Adam was by constitution and proclivity a scientist; I was the same, and
we loved to call ourselves by that great name...Our first memorable
scientific discovery was the law that water and like fluids run downhill,
not up.
Mark Twain, <Extract from Eve's Autobiography>

On Tue, 7 Dec 1999, Daniel L. MacIsaac wrote:

(2) PSSC also had, and still has, an intelligible
storyline: particles versus waves. This is far
superior to the march-through-the-topics
attitude of even the better prereform texts
such as Halliday, Resnick, and Walker.

I also learned from and admired PSSC physics. However, I now
believe that the waves-vs-particles storyline has been essentially
superceded by QED. Light is neither wave nor particle, though it
has aspects that can be described by both models. Duality is
a feature of the limitations of the two models used; not of light itself.
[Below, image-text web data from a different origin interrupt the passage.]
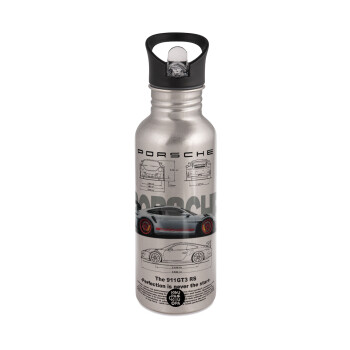 Porsche, Water bottle Silver with straw, stainless steel 600ml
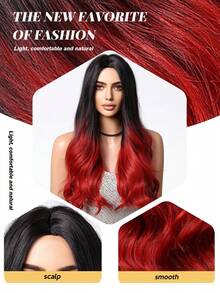 红色渐变20英寸长波浪卷合成假发，自然红色渐变水波纹假发，适合女性，非洲裔角色扮演日常发型，中分，耐热 - 漸層紅色 - 查看 3
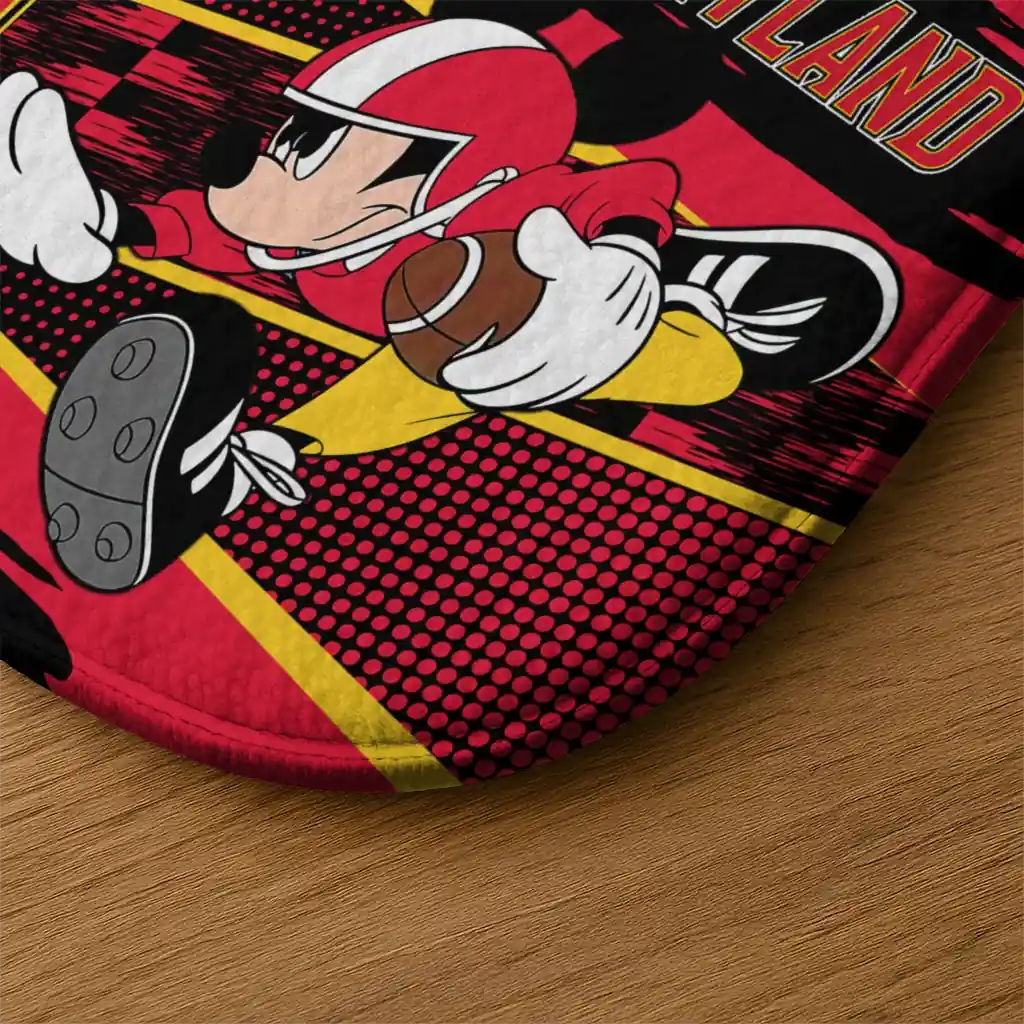 personalized-maryland-terrapins-mickey-quarterback-red-black-doormat-latest-model.webp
I agree that the storyline has been superseded, but it is ordinary
QM, not just QED, that has done the superseding. Buckeyballs interfere.
Atoms show interference patterns. Electrons show interference patterns,
exactly as in Feynman's <gedanken> experiment where one sees the pattern
develop electron by electron. Helium atoms form Bose condensates.
Photons form Bose condensates.
This doesn't mean that wave-particle duality isn't a viable
paradigm for introducing QM to students whose only backgroound is
classical mechanics. It does mean that one needs a clear description
of each of the two concepts, and a thorough understanding of the kinds
of experiments that are wave-like and are particle-like.